Wishing Time Would Erase Itself !

As the days seem to grow longer. I seem to always wonder if i'll ever get you back into my life. Now, your just not here and its eating me inside and i'm not sure how much longer I can hide the pain. I keep telling myself i'm over you it has been five months and I should be over you. I liked you more than I ever liked anyone in the world. I think that if I made a move on accually asking you out and dating you before you told me to leave you alone. You left me in the dark. you are now so Distance. you got arrested for drugs(pills) at school. You won't be coming back to march 2009 and now i'm not sure if thats long enough. I'm not sure if i like you anymore. The moment I see you again what i feel for you might all change again. It did that first day of school august 27 when i caught you staring at me at lunch you might not know that I saw that and i do. and then at the baybonfire you never seemed to travel that far away from where me and my friends stood. it seemed like you were always still going to be there but now only 20 feet away and now i have myspace normally if this was two years ago you would have blocked my messages form reaching you but this time around you dont this time around between you and me seem differnt. your still so distant anymore now you dont have a phone anymore, you dont have a life your grounded.

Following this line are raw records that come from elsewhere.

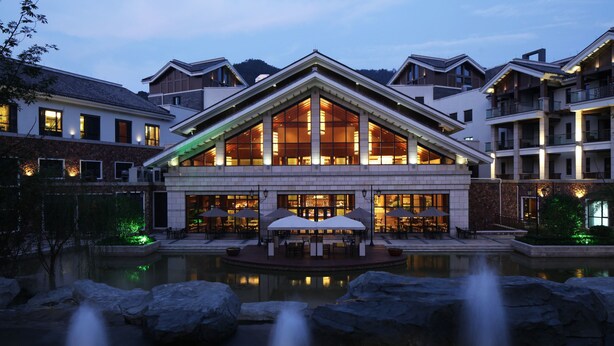 A hotel with a large central building, outdoor seating area, and a reflecting pool with rocks. - Yangming Springs and Spa Resort (Ningbo)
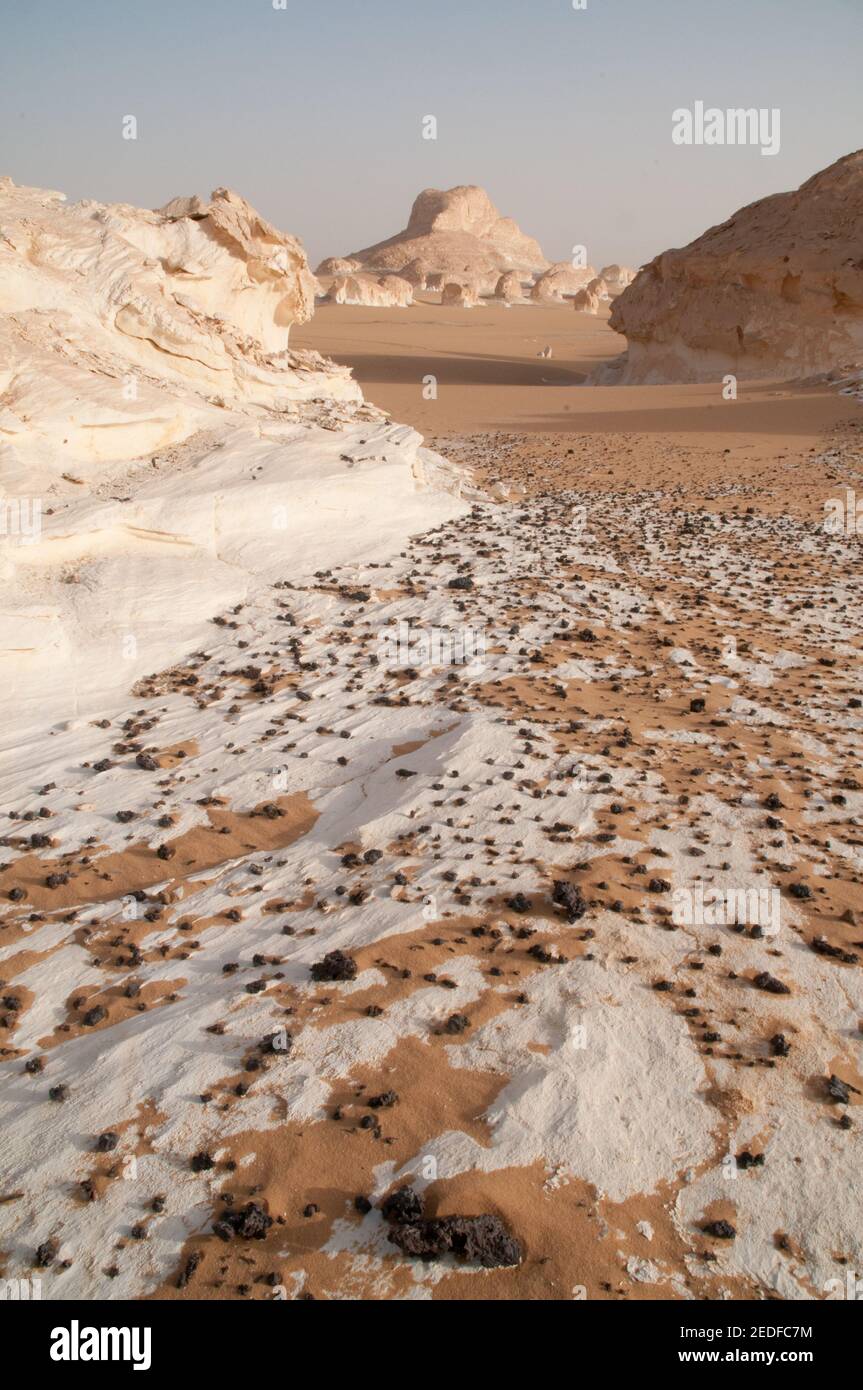 White chalk rock formations and inselbergs mixed with sand in White Desert National Park, in the Farfara Depression, Sahara region, of Egypt. Stock Photo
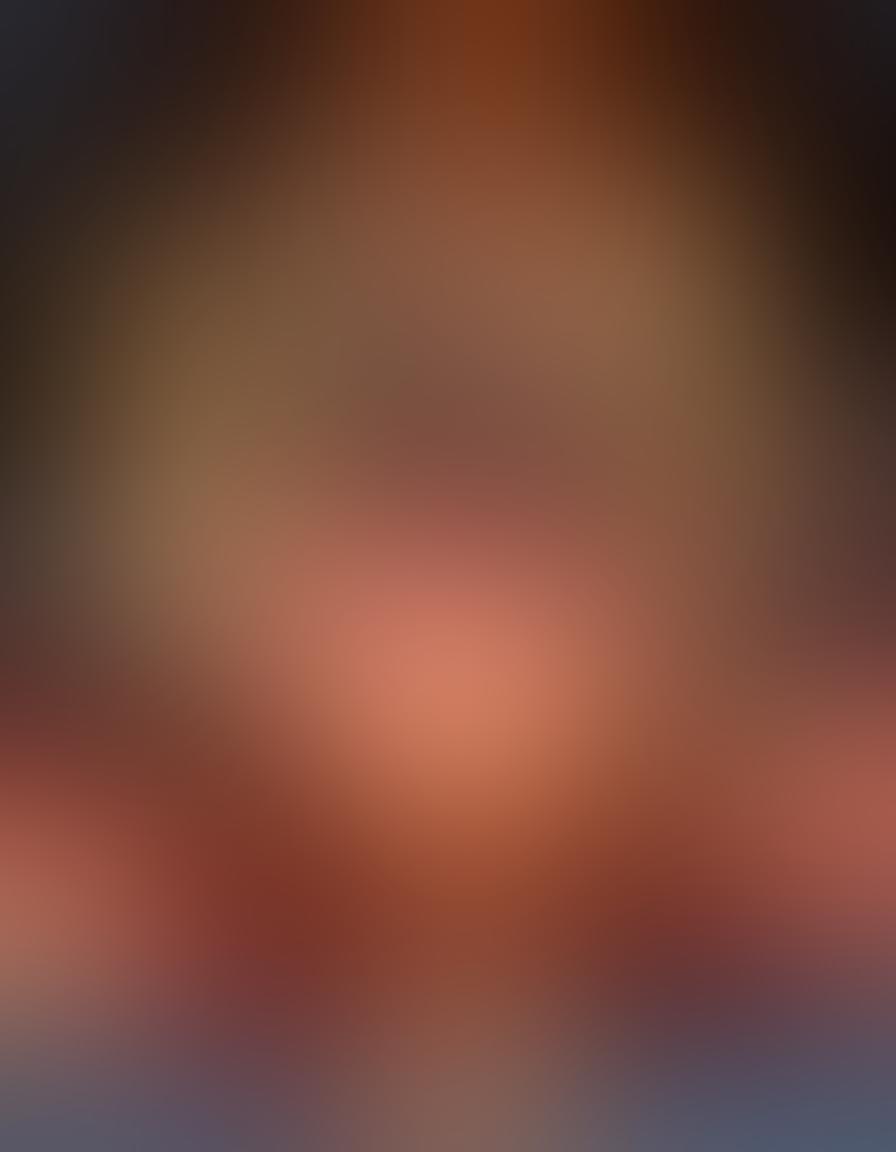 A pair of hands gently holding a delicate heart-shaped pendant, surrounded by soft, glowing candles and rose petals, symbolizing tenderness and intimacy. In the background, a blurred silhouette of a couple sharing a loving gaze, capturing the essence of romance. The color palette should feature warm, inviting tones like soft pinks and oranges. super-realistic. vibrant colors.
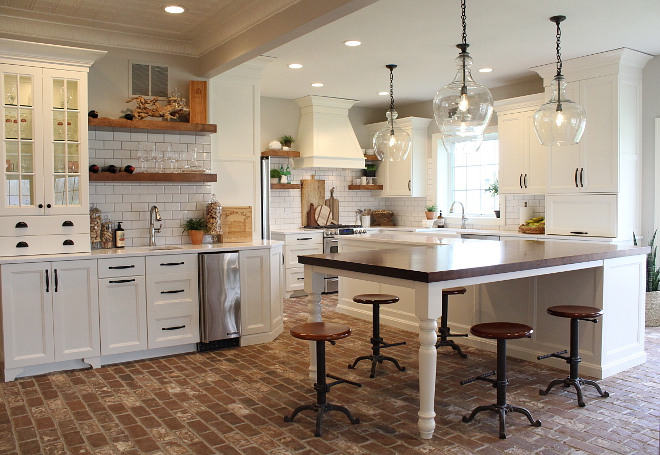 Farmhouse White Kitchen Farmhouse White Kitchen with l-L-shaped kitchen island and brick flooring #FarmhouseWhiteKitchen #FarmhouseKitchen #WhiteKitchen
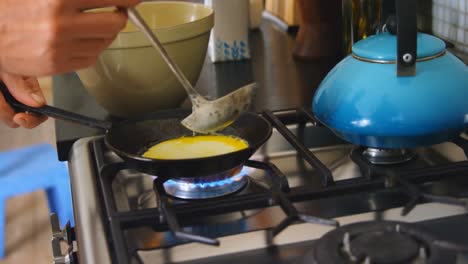 man preparing pancakes in kitchen at home 4k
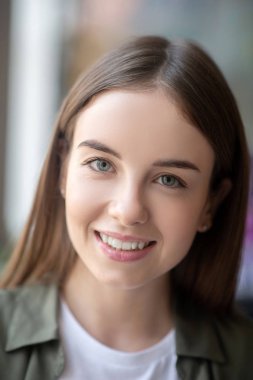 Neşeli ve kendine güveni tam genç bir kadın.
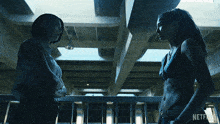 two women standing next to each other in a dark room with a netflix logo on the bottom right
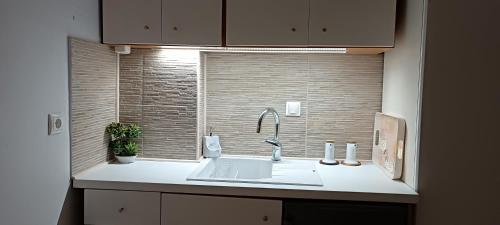 a kitchen counter with a sink and a window at Actis studios 1 in Stelida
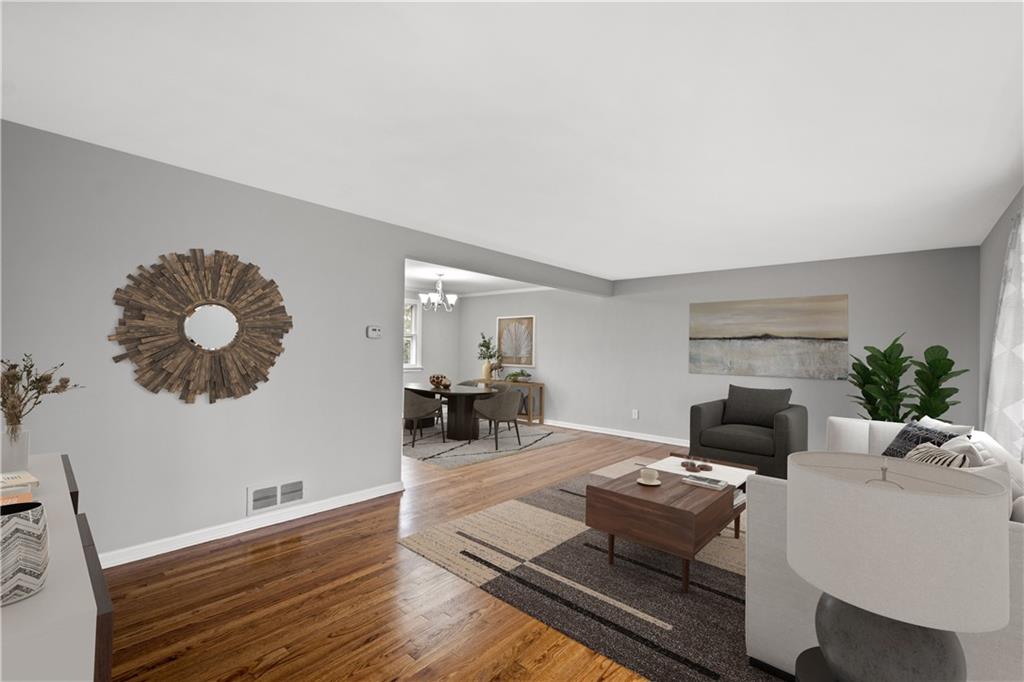 29 Carleton Drive Pittsburgh, PA 15243 - Photo 3 of 25 a living room with furniture and a fireplace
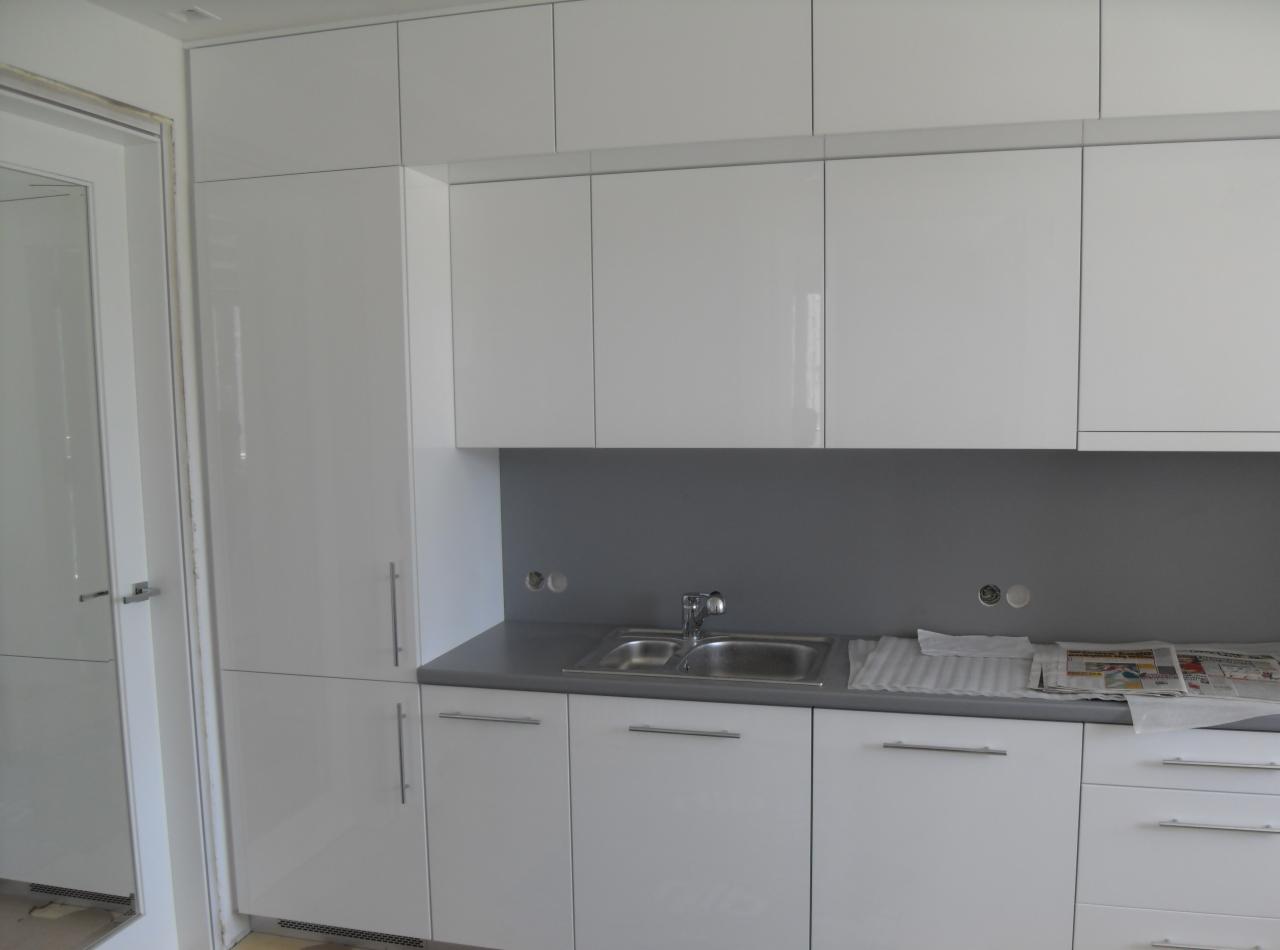 Biała, minimalistyczna kuchnia z błyszczącymi frontami szafek, szarym blatem i zlewozmywakiem dwukomorowym, uzupełniona gazetami leżącymi na blacie obok zlewu.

you know i would of had sex with you thats how much i cared for you how far i was willing to go. the pictures were just a small part of it. and im glad i had the chance to let you see those. I dont regret sending them and if i could have you back i would send you more but idk if ill ever get the chance anymore. ever agian maybe this summer this will all change.

i hope it will i hope i wont feel this longing and sadness forever.